- **Directions for this task**
Do not include the pictures; repeat the rest of the data exactly.

- **Dataset entries**
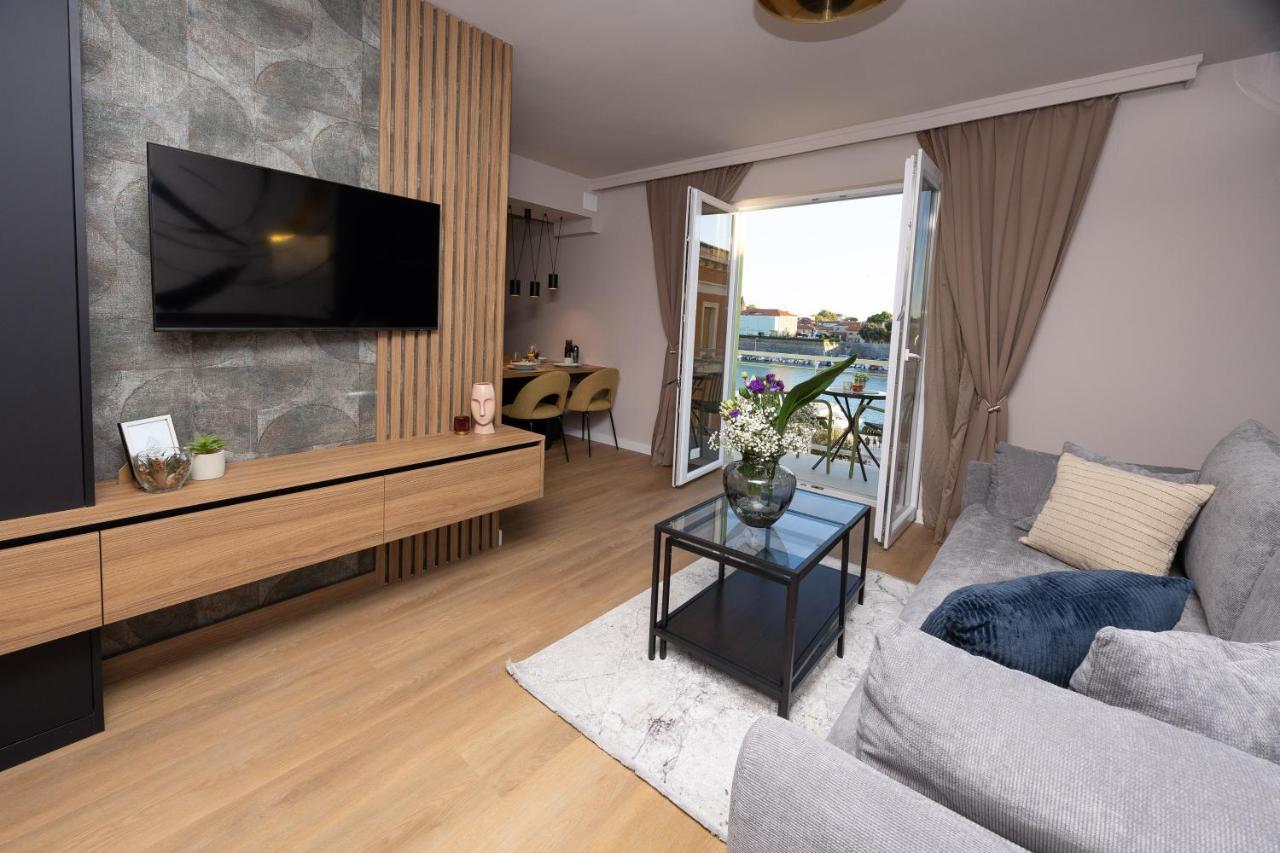 Aurum Ponte Deluxe Zadar Bagian luar foto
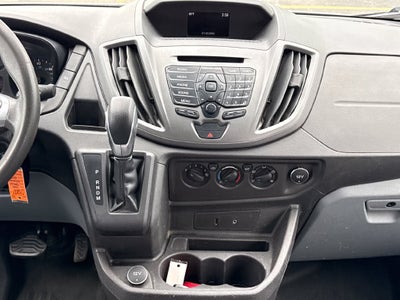 2018 Ford Transit-350 Base FORD BLUE CERTIFIED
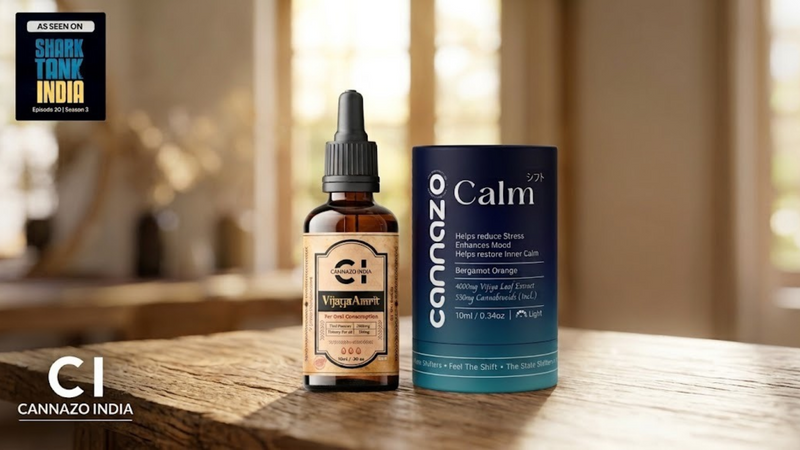 Best CBD Oil for Anxiety in India (2026 Buyer's Guide)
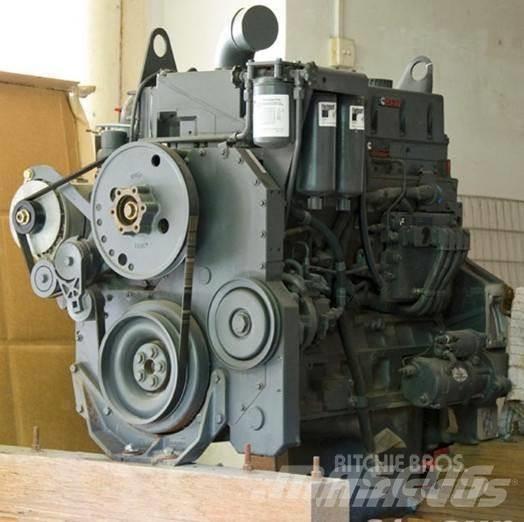 Cummins qsm11-c400 Motory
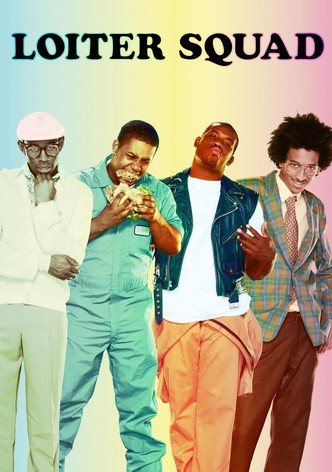 Loiter Squad - Saison 3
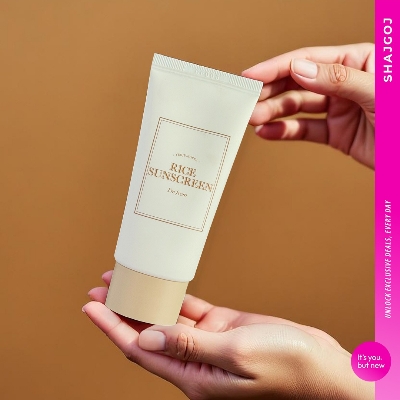 Picture of I’m from Rice Sunscreen 50 ml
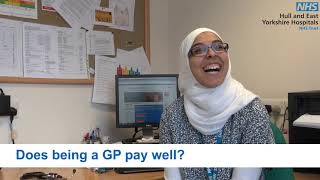 Does being a GP pay well [upl. by Anoniw]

- **Your solution**
 Aurum Ponte Deluxe Zadar Bagian luar foto
 2018 Ford Transit-350 Base FORD BLUE CERTIFIED
 Best CBD Oil for Anxiety in India (2026 Buyer's Guide)
 Cummins qsm11-c400 Motory
 Loiter Squad - Saison 3
 Picture of I’m from Rice Sunscreen 50 ml
 Does being a GP pay well [upl. by Anoniw]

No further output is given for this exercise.